The Four Pillars of Data Engineering: Specialization for Modern Data Teams

2025
9 mins

Our Four Pillars of Data Engineering

Specialization is a naturally occurring process as industries progress and mature. Software Engineering developed as a field in the 1960s, but Data Engineering as a distinct discipline didn’t appear until the 21st Century, even though SQL and relational databases have been around since the 1980s

Now, modern and well funded data teams will often employ unique combinations of data engineers, analytics engineers, BI engineers, data analysts, business analysts, quantitative analysts, data scientists, ML engineers, AI engineers, data architects, solutions architects, analytics managers, data product managers, and on and on. Each of these roles require different amounts of specialization, which often depends on the context of their team or organization or industry. The nuance of these roles can be confusing for less mature data teams, especially in talent markets that haven’t developed that level of specialization.

We at Semantiks have simplified this landscape into four key verticals:

  • Data Engineering,
  • Analytics Engineering,
  • Machine Learning (ML) Engineering, and
  • Artificial Intelligence (AI) Engineering 

These are our Four Pillars of Data Engineering, and we will use this post to discuss the services we offer within each vertical and the tools we use to perform these tasks.

Data Engineering

Functions

Simply put, data engineering is the movement of data and the deployment and maintenance of the architecture required to support it. Our data engineering services often take the shape of developing data pipelines and deploying the tools and services on which those pipelines run. These projects typically involve migrating data from operational databases such as Postgres or MySQL, NoSQL databases like MongoDB, or third party software vendors such as Hubspot or Zendesk into a data warehouse, such as Google Bigquery. These processes are known as ETL (Extract, Transform, Load) or ELT (Extract, Load, Transform), based on the order of operations.

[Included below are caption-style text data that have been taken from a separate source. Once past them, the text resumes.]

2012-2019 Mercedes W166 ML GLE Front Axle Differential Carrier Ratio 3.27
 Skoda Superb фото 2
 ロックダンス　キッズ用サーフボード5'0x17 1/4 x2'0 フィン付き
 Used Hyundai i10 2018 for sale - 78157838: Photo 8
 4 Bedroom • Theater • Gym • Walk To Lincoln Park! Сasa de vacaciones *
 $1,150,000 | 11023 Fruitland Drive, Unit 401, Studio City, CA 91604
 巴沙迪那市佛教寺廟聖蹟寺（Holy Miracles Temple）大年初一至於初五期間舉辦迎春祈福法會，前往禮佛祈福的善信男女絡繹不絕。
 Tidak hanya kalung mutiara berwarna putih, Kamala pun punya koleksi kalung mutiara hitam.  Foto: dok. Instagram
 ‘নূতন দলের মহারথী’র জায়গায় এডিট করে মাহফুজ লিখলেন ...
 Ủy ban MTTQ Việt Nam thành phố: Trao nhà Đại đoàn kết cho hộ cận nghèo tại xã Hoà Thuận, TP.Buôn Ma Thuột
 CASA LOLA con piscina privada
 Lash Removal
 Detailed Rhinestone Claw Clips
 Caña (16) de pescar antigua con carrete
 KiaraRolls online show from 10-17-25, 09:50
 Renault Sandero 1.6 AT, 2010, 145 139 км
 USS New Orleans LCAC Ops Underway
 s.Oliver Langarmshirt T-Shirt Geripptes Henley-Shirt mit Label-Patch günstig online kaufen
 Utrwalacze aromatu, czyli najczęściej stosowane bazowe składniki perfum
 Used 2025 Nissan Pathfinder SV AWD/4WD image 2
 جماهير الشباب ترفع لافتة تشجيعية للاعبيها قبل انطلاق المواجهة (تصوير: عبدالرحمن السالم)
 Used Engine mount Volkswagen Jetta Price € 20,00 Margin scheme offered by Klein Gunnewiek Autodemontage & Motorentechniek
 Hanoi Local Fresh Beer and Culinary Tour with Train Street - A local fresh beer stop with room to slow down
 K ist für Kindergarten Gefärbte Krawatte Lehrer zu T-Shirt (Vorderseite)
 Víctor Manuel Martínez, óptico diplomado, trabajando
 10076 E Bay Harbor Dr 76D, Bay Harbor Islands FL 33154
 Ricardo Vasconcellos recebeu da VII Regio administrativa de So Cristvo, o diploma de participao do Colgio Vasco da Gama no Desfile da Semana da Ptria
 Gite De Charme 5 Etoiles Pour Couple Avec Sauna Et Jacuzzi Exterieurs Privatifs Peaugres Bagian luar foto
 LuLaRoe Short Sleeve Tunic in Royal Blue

Managing access to data products and integrations is another aspect of data engineering. This can take the form of an integration with a BI tool or delivering Data-as-a-Service (DaaS) products to customers. Semantiks specializes in the design and implementation of these customer facing DaaS products to help our clients unlock new revenue streams.

Tools

Data Movement

Fivetran: Fivetran is a managed service offering flexible, customizable data pipelines from 100s of sources to your data warehouse, without significant infrastructural investment. It is an ideal solution for early stage startups that do not have the necessary resources to maintain and grow an engineering platform. Fivetran offers 14 day free trials on each new connection, making it a low risk option. They also offer a free tier for low volume users. 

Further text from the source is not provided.